*EXERCISE REQUIREMENTS:*
Exactly as they appear below, repeat the lines from the one with "Foto 5 de Sala" through the one with "Cala Anguila-Cala Mendia", and no others.
• • • • •
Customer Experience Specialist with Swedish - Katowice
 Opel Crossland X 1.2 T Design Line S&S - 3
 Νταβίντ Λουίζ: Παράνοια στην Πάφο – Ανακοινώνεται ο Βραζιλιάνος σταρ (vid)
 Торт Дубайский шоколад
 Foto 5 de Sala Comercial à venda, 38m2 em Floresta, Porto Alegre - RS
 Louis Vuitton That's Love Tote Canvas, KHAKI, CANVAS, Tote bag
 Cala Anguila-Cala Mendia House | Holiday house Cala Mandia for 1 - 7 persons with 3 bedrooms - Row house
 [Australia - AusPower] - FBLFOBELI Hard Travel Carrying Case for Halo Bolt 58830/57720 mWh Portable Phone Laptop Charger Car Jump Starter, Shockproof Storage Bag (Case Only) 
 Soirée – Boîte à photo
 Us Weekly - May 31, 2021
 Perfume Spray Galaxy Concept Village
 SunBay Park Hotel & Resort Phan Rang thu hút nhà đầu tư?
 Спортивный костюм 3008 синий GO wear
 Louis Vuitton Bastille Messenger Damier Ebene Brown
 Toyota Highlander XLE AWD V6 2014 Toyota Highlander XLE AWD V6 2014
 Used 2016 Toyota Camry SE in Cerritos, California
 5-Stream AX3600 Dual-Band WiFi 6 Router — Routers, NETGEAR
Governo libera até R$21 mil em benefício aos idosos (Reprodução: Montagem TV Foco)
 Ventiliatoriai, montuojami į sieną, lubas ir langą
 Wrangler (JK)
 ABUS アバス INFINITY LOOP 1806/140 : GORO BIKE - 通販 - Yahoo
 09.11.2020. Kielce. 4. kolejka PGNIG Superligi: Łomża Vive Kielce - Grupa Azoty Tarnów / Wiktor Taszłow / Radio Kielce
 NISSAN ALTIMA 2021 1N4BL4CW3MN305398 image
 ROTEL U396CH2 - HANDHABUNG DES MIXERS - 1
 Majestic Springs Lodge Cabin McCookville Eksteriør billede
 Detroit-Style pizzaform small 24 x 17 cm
• • • • •
*REPLY:*
 Foto 5 de Sala Comercial à venda, 38m2 em Floresta, Porto Alegre - RS
 Louis Vuitton That's Love Tote Canvas, KHAKI, CANVAS, Tote bag
 Cala Anguila-Cala Mendia House | Holiday house Cala Mandia for 1 - 7 persons with 3 bedrooms - Row house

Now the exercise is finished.